# Regex Essentials: Overview
- Regular expressions (regex) are a language for defining text search patterns.  
- Python’s `re` module provides functions like `search` (find anywhere) and `match` (anchored at start).  
- Patterns include literals, metacharacters (`. ^ $ * + ? [] \`), character classes (`\d`, `\w`, `\s`), and quantifiers (`*`, `+`, `?`, `{n,m}`).  
- Greedy quantifiers (`*`, `+`) match as much as possible; non-greedy (`*?`, `+?`) as little as possible.

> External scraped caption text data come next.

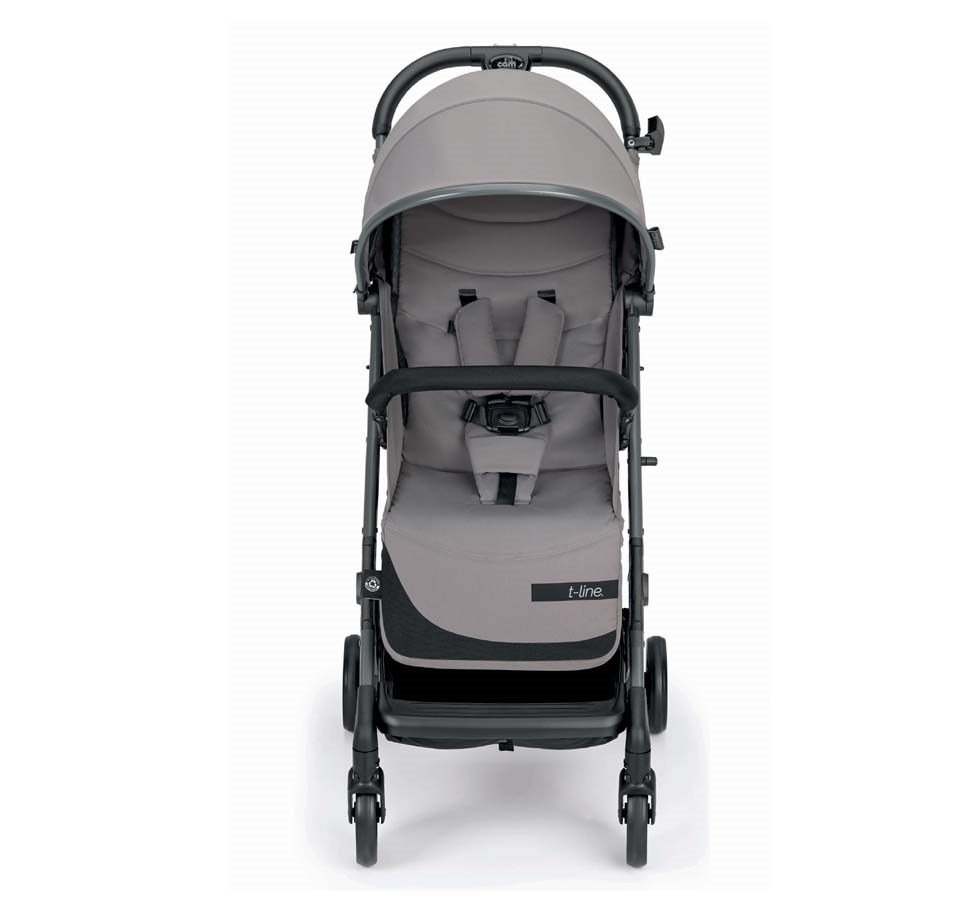 SILLA DE PASEO COMPASS 2.0 T202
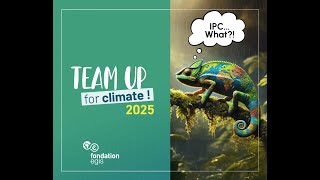 What is the IPCC 2025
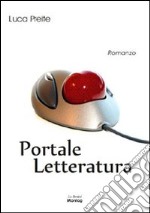 Portale letteratura libro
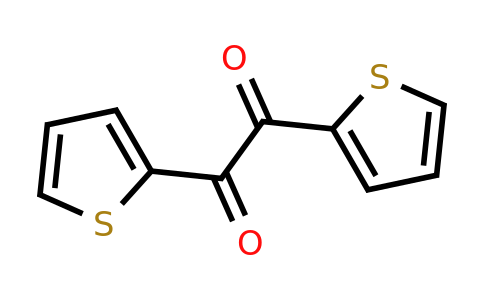 7333-07-5 | Bis(thiophen-2-yl)ethane-1,2-dione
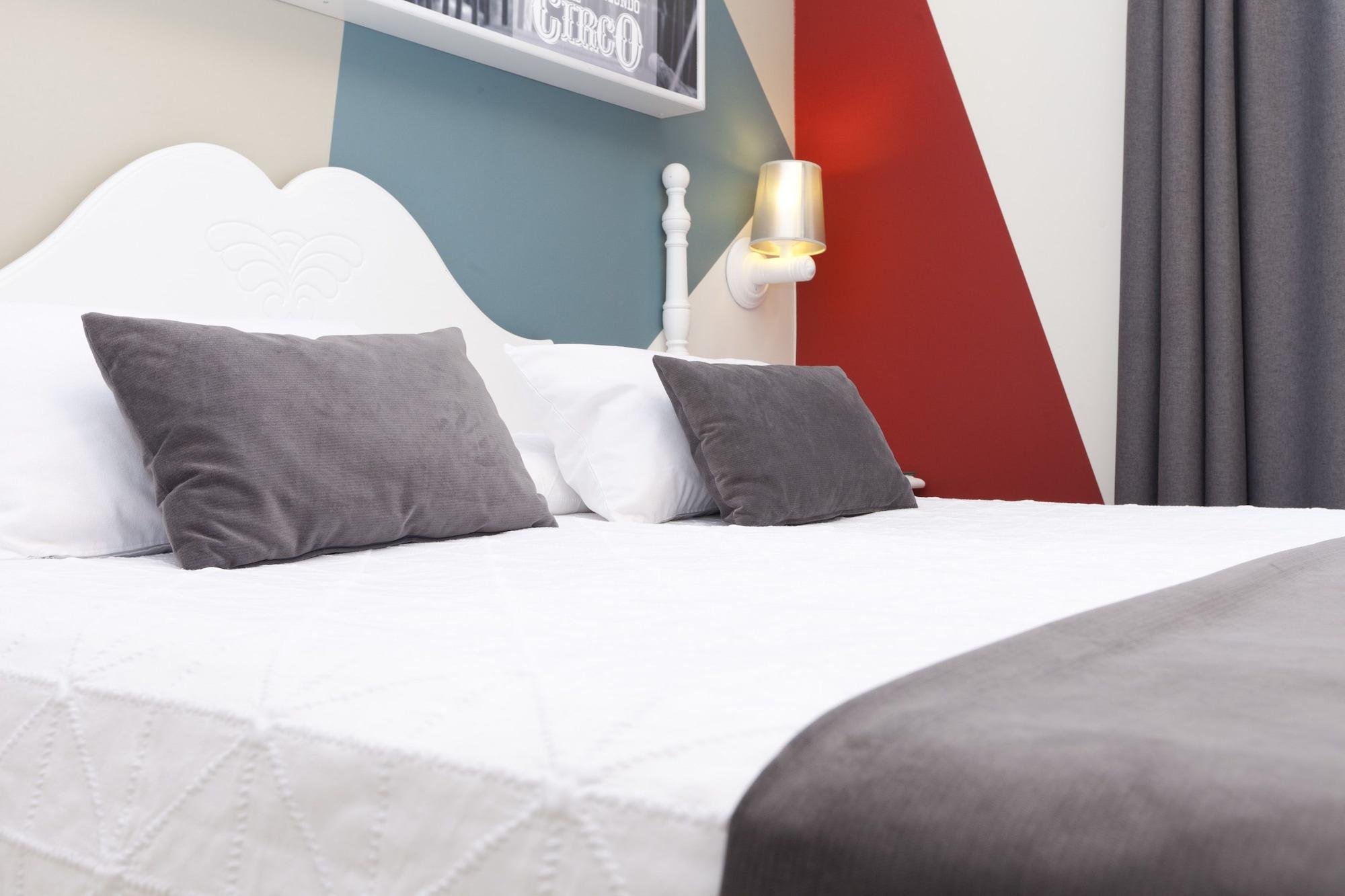 Hotel Carlos V Toledo Ngoại thất bức ảnh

| Character | Matches | Example | Example matches |
|-----------|-------------|---------|-------------|
| ^ | Start of the string | ^hello | line starting with hello |
| $ | End of the string | ^hello$ | line ending with hello |
| . | Any single character  | hel.o | hello, heloo |  
| * | Preceding character 0 or more times | hel*o <br>- 'h', 'e' must be present <br>- followed by zero or more 'l' <br> -'o' must be present | helo, hello, helllo | 
| ? | Preceding character 0 or one time | hel?o <br>- 'h', 'e' must be present <br>- followed by zero or one 'l' <br>- 'o' must be present | helo, hello |
| + | Preceding character 1 or more times | hel+o <br>- 'h', 'e' must be present <br>- followed by one or more 'l' <br>- 'o' must be present | hello, helllo, hellllo |
| [] | Any one of the characters enclosed in [] | he[lo] | hel, heo |
| [-] | Any character within the range | file[1-3] | file1, file2, file3 |
| [^] | Any characters except those enclosed in [] | file[^123] | file4, file5 |
| {n} | Preceding characher must match exactly n times | he.{2}o <br>- . before {} means any char | hello, hekko, heppo |
| {n,} | Preceding characher must match at least n times | he.{2,}o <br>- . before {} means any char | hello, hekkkko, hepppppo |
| {n,m} | Preceding characher must match at least n times and at most m times | he.{2,3}o <br>- . before {} means any char | hello, hekkko, hepppo |
| \ | Escape character - escape any metacharacter | hell\\.o <br> . is a special character. \\. ignores the meaning of . | hell.o |




## Introduction to `re.search()` vs `re.match()`
- `re.search(pattern, text)` scans the **entire string** for the **first occurrence**.  
- `re.match(pattern, text)` checks only at the **beginning of the string**.
- `re.findall()` and `re.finditer()` let you retrieve **every occurrence of a pattern**.   
- Always use **raw strings** (`r"..."`) to define regex patterns, avoiding Python string escapes interfering with regex.

In [None]:
import re

line = "WARN: Disk usage at 91%"
pattern = r"Disk"

print(f"search '{pattern}':", bool(re.search(pattern, line))) # checks the entire string
print(f"match '{pattern}':", bool(re.match(pattern, line)))   # checks only at the begining of string

search 'Disk': True
match 'Disk': False


## Common Metacharacters
- `.` matches any character (except newline).  
- `^` anchors at start of string.  
- `$` anchors at end of string.  
- `[]` defines a set or range of characters, e.g. `[A-Z]`.  
- `\` escapes metacharacters or introduces special sequences.

In [2]:
import re

test = "Error code: E1234. cxge"

# Start and end
print(f"Starts with 'Error': {re.findall(r"^Error", test)}")
print(f"Starts with 'E1234' : {re.findall(r"^E1234", test)}")
print(f"End with cxge: {re.findall(r"cxge$", test)}")

# Any character
print(f"Dot matches any character: {re.findall(r"c..e", test)}")
print(f"Dot matches any character: {re.findall(r"c.d", test)}")

# Zero or more times
print(f"Zero or more times: {re.findall(r"Er*or", test)}")
print(f"Zero or one time: {re.findall(r"Er?or", test)}")
print(f"One or more time: {re.findall(r"Er+or", test)}")

# Character set
print(f"Character set: {re.findall(r"[E0-9]+", test)}")

# Matches n times
print(f"Matches 'r' at least 2 times: {re.findall(r"r{2}", test)}")
print(f"Matches 'r' at least 1 and at most 2 times: {re.findall(r"r{1,2}", test)}")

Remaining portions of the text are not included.